L’appui des deux pôles, Recherche clinique et Expertises médicales, est aussi essentiel lorsque les essais s’étendent à d’autres pays. Des projets au montage complexe peuvent voir le jour. Ainsi l’essai Bilhvax, mené au Sénégal et dont la phase III (voir infographie p. 28-29) est actuellement en cours pour tester l’efficacité d’un vaccin thérapeutique chez des enfants atteints de bilharziose, infection parasitaire la plus répandue dans le monde. L’agent responsable, un ver appelé schistosome ou bilharzie, peut entraîner une forte anémie, des atteintes hépatiques ou rénales très sévères, des cancers du tractus uro-génital. L’Inserm est le promoteur de cet essai, tandis que la société pharmaceutique Eurogentec produit le vaccin et que l’ONG Espoir pour la santé, plateforme logistique et opérationnelle, à Saint-Louis (Sénégal), est l’investigateur.« Quand les recherches se passent dans un état africain par exemple, nous travaillons avec des relais locaux qui nous aident à comprendre et respecter les normes du pays », ajoute Jean-Christophe Hébert. Autre exemple, pour la mise en place d’une étude vaccinale anti-paludisme, le pôle de Recherche clinique de l’Inserm et l’équipe investigatrice partiront en septembre à la rencontre des autorités du Burkina Faso et des équipes locales afin de vérifier les circuits logistiques de l’étude (importation du vaccin, des échantillons…) et de prendre connaissance des procédures réglementaires du pays.
Réunion du GRAM * . Le GRAM accompagne les associations de malades dans leur recherche d’information. (Debout, B. Bréant, 3e à gauche, et F. Faurisson, au centre)
Ⓒ Etienne Begouen/Inserm
Des coopérations utiles, tant l’actualité nous rappelle qu’en la matière de graves abus ont parfois été commis.
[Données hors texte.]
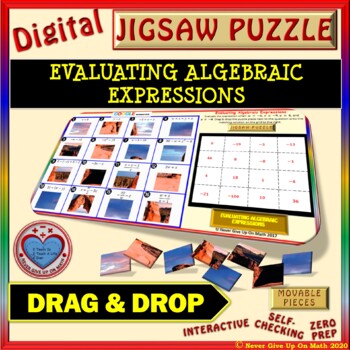 Preview of Jigsaw Puzzle: Evaluate Algebraic Expressions (Google Interactive & Hard Copy)
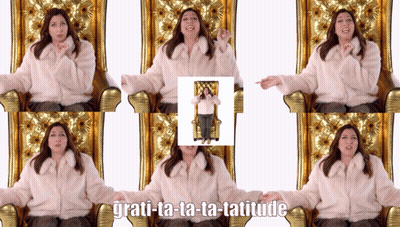 Woman In Fur Coat Sitting In Gold Chair Saying Grati-La-Ta-Ta-Latitude GIF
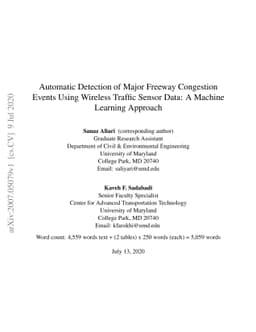 Automatic Detection of Major Freeway Congestion Events Using Wireless
  Traffic Sensor Data: A Machine Learning Approach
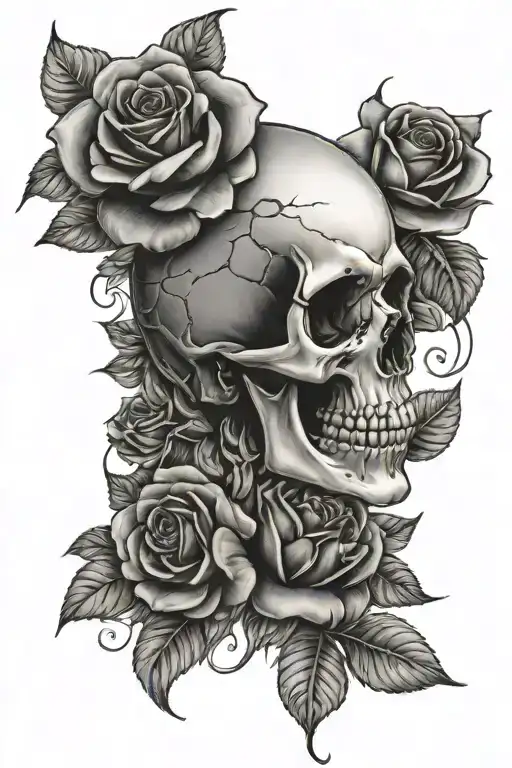 skull roses money time family tattoo design idea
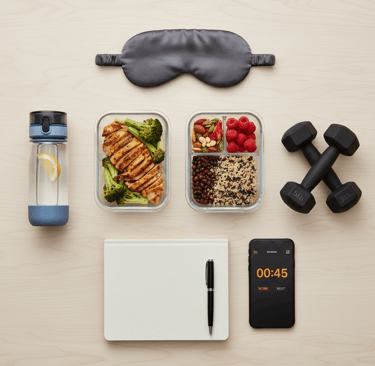 Weight loss plateau breakthrough tools including sleep aids, workout equipment, and meal prep contai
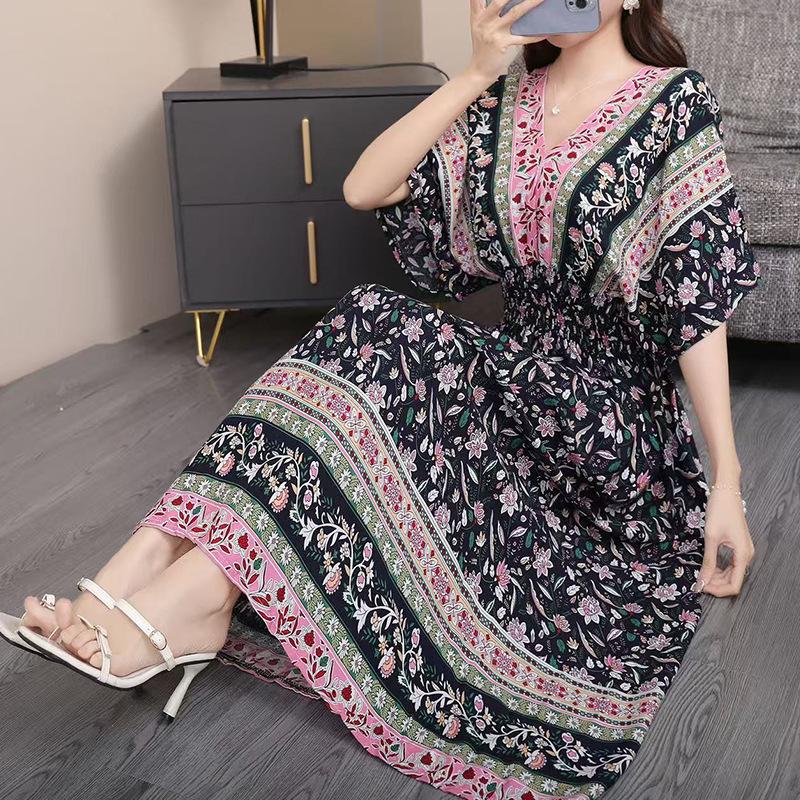 25th Anniversary Ethnic V-Neck Rayon Short Sleeve French-Thai Print Holiday Dress for Women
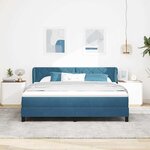vidaXL Lit à ressorts avec tête de lit Bleu foncé 180 x 200 cm Velours
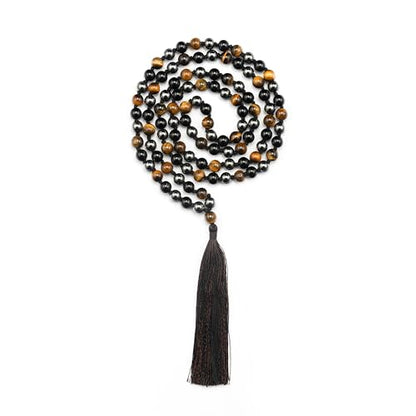 8mm Triple Protection Mala – Black Obsidian, Tiger Eye & Hematite 108 Bead Meditation & Prayer Necklace with Lab Certified Authenticity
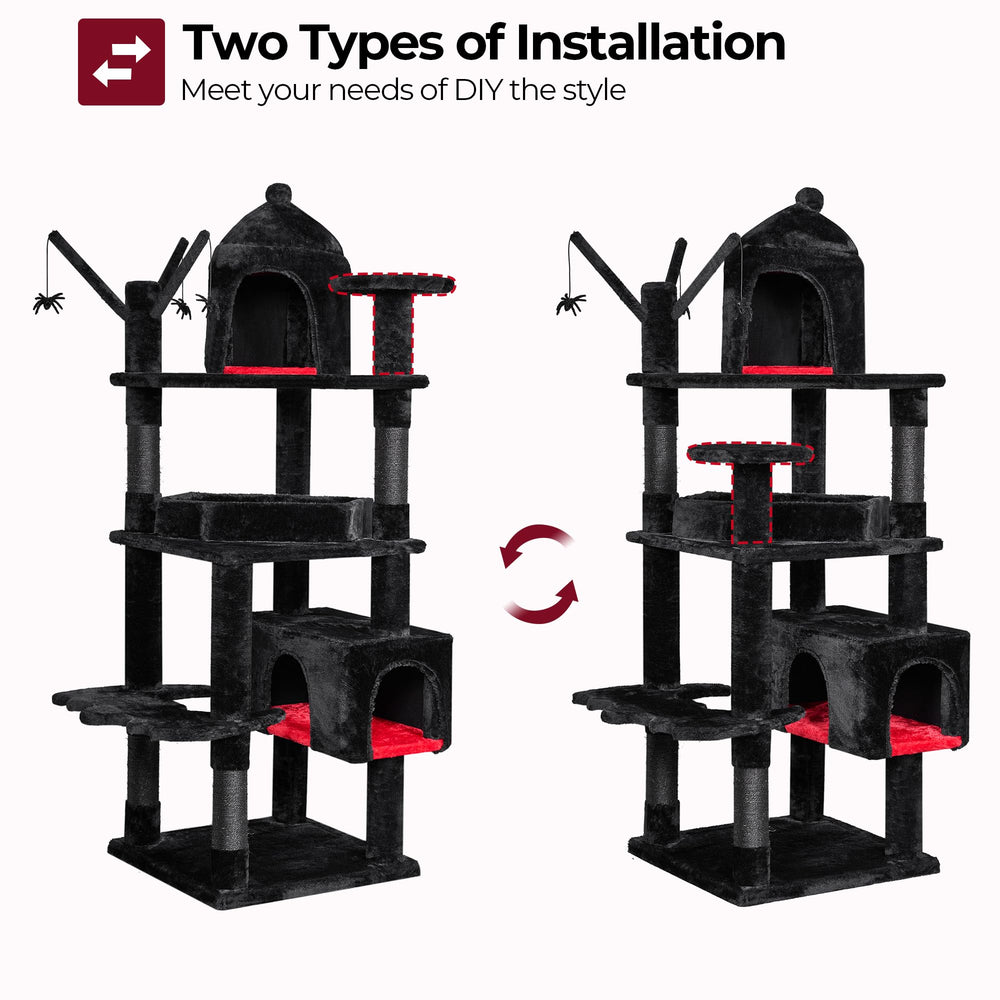 BEWISHOME easy assembly cat tree with reinforced base and stable construction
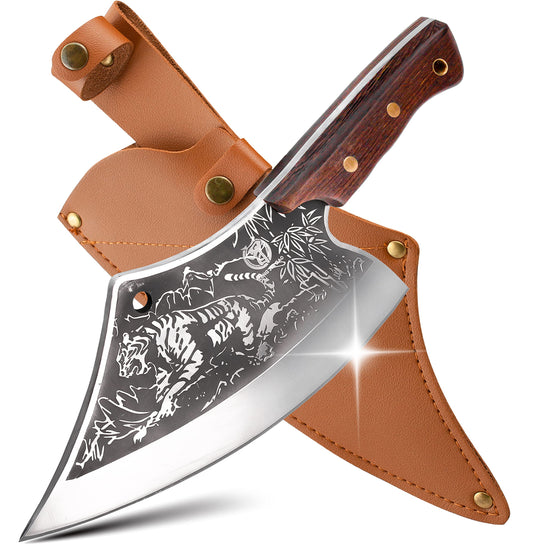 Meat Cutting Cleaver, Japanese Style Viking Kitchen Boning Knives with Sheath, Forged Butcher Deboning curved blade with Tiger Pattern, for Home and Restaurant - Premium Gift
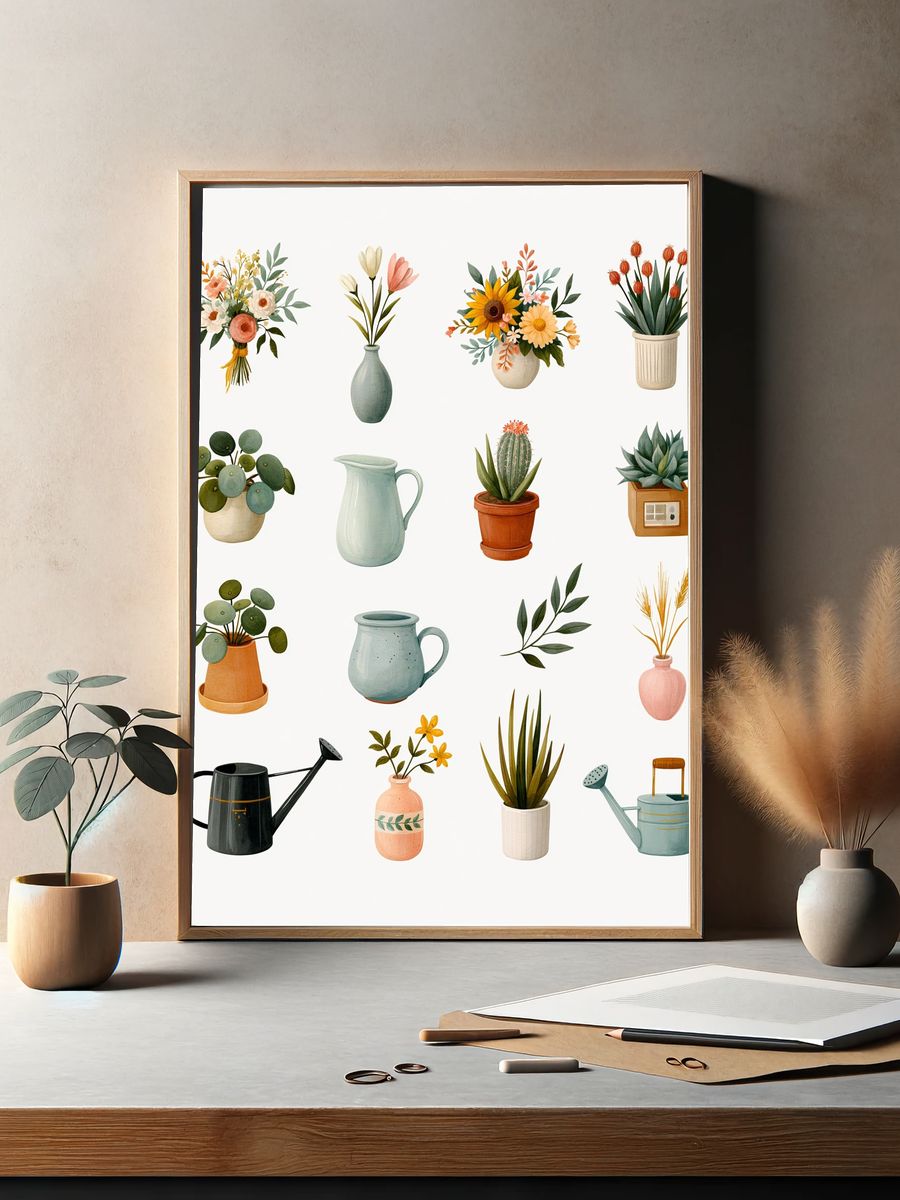 Botanical Still Life Illustration Poster. — room view 2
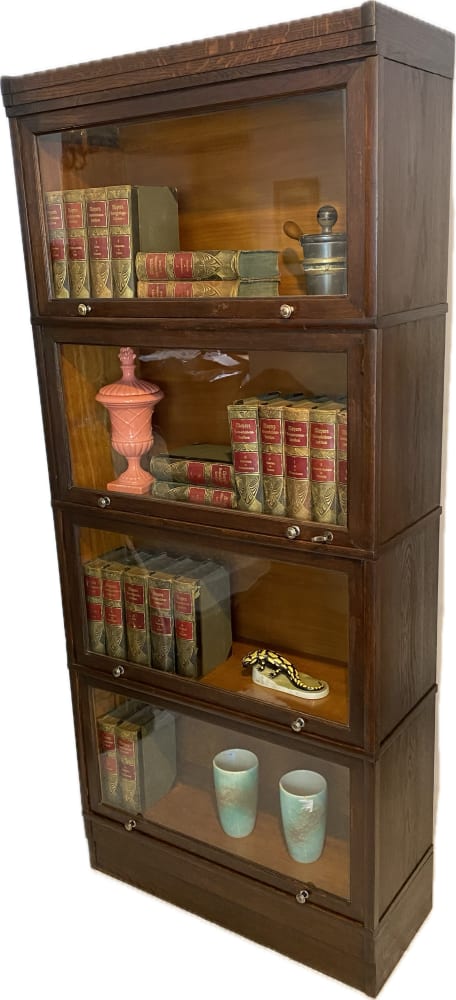 Globe-Wernicke-Bücherschrank, vier Elemente, Eiche und Kirsche, um 1920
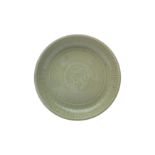 A CHINESE LONGQUAN CELADON-GLAZED DISH 明 龍泉窯青釉花卉紋盤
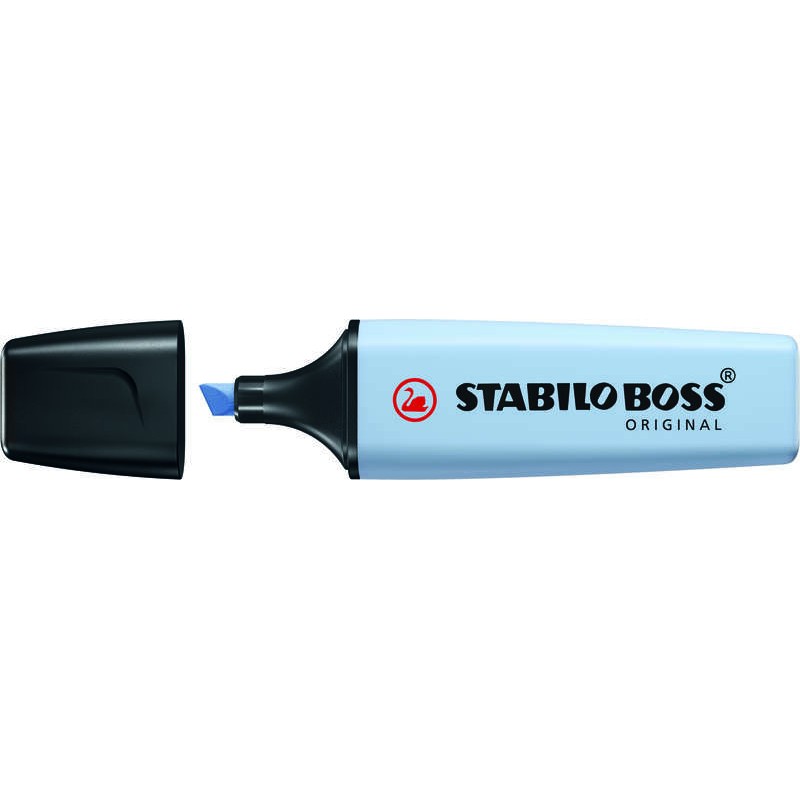 Stabilo Boss 70 Penna evidenziatore pastello - Da 2 a 5 mm - Ricaricabile - Inchiostro a base d'acqua - Colore blu torbi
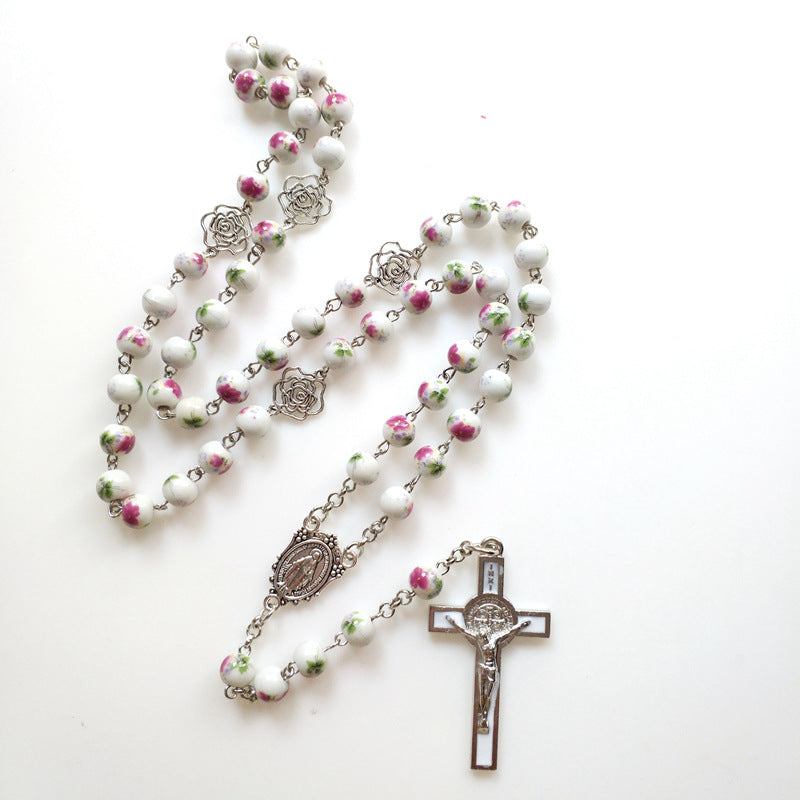 Ceramic Rose Hollow Rosary Beads Drop Oil Cross Pendant Trend Long Bead Chain Men's And Women's Necklaces Wholesale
Une commission d’enquête s’est ainsi ouverte outre-Rhin en juin dernier : pendant les années 1980, des hôpitaux et des cliniques ont expérimenté sur quelque 50 000 Allemands de l’Est des médicaments développés en Allemagne de l’Ouest. Le tout à leur insu... Ce fut aussi le cas en 1996, dans l’état de Kano au Nigeria. Là, en pleine épidémie de méningite, le géant américain Pfizer avait testé un antibiotique sur des enfants. Onze en seraient morts, et des dizaines d’autres restés handicapés.
En matière d’essais cliniques, les bonnes nouvelles sont malgré tout souvent la norme. Les délais nécessaires à leur mise en place et leur tenue peuvent être certes longs, et les questionnements éthiques complexes. Mais les scientifiques sont parfois plus que récompensés de leurs efforts : certains essais fonctionnent très bien, voire au-delà des résultats attendus et parfois sous-estimés dans le protocole de recherche où ils ont été définis.«  Il se peut, alors, que ce ne soit pas très éthique de continuer : le traitement évalué est de toute évidence bien meilleur, mais les volontaires "contrôles" n’en bénéficient pas  », explique Faiez Zannad. C’est ce qui s’est passé avec l’essai Emphasis-HF, auquel a participé le chercheur de Nancy.«  Il s’agissait de tester une molécule, l’éplérénone, pour traiter les patients souffrant d’insuffisance cardiaque. Très rapidement, ces effets bénéfiques sont nettement apparus. Il a fallu très vite contacter tous les centres participant à l’essai», décrit le spécialiste. Devant ces très bons résultats, il a été proposé aux patients « contrôles », qui ne recevaient jusque-là qu’un placebo, d’être mis sous éplérénone ou équivalent. Et l’essai clinique de se révéler dans ce qu’il peut offrir de meilleur : bénéficier à la science et aux patients.